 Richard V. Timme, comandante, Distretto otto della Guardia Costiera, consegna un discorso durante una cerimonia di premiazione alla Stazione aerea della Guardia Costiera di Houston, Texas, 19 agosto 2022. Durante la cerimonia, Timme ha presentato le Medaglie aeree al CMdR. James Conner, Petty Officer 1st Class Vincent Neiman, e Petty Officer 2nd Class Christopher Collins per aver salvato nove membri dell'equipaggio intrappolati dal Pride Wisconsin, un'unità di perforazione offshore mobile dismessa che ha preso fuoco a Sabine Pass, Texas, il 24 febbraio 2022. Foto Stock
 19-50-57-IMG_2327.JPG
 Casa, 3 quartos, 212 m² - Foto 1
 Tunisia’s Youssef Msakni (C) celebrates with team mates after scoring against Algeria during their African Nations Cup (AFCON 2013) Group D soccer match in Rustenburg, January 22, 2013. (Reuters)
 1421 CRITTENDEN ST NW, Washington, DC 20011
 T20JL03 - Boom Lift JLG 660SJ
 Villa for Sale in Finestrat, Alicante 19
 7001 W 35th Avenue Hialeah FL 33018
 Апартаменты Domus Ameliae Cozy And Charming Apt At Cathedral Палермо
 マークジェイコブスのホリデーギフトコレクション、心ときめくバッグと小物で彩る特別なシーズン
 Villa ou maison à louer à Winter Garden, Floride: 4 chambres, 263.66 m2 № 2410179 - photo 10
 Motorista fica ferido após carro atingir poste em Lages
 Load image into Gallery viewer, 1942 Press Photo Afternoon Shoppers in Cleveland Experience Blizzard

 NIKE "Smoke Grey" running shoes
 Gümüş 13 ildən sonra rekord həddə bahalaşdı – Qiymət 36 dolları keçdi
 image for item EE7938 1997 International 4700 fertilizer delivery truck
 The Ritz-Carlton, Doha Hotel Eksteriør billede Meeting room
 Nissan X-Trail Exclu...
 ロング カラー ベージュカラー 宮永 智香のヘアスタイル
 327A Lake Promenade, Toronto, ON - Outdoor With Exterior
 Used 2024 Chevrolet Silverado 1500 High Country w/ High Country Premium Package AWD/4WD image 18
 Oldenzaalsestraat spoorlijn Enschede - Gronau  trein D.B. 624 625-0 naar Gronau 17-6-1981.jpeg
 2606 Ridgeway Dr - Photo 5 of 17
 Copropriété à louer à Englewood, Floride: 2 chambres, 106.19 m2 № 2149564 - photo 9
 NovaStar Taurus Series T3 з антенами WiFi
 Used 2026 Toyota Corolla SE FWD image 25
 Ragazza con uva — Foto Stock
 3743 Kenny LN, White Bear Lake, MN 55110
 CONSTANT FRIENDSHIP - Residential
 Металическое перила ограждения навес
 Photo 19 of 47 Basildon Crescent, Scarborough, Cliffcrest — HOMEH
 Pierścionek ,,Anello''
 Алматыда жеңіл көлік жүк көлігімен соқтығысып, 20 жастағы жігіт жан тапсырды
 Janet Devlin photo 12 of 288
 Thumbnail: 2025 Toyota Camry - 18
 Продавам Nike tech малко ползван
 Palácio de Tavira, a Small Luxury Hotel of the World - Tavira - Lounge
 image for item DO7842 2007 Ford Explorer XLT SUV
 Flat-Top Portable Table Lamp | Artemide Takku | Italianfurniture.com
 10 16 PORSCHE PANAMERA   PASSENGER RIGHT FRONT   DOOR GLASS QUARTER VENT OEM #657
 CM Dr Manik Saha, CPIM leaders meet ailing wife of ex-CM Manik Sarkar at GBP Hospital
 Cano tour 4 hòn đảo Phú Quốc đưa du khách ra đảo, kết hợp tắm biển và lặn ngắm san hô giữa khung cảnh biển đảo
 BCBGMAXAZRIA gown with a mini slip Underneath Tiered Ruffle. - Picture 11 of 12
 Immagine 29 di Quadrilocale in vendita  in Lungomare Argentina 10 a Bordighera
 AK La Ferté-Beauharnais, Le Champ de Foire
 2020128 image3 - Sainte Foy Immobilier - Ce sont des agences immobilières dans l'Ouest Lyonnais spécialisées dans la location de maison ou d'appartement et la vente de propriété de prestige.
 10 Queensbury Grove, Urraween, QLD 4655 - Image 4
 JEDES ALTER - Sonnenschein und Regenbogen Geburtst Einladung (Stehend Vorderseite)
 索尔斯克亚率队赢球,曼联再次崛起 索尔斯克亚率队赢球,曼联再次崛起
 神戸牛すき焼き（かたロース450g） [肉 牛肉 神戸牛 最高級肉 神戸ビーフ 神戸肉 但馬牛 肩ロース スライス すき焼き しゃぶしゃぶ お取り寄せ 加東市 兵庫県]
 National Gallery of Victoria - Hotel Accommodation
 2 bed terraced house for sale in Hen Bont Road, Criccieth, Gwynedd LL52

## Your task
Find the word "chambres" in the records and pull out each line that has it.

## Output of the task
 Villa ou maison à louer à Winter Garden, Floride: 4 chambres, 263.66 m2 № 2410179 - photo 10
 Copropriété à louer à Englewood, Floride: 2 chambres, 106.19 m2 № 2149564 - photo 9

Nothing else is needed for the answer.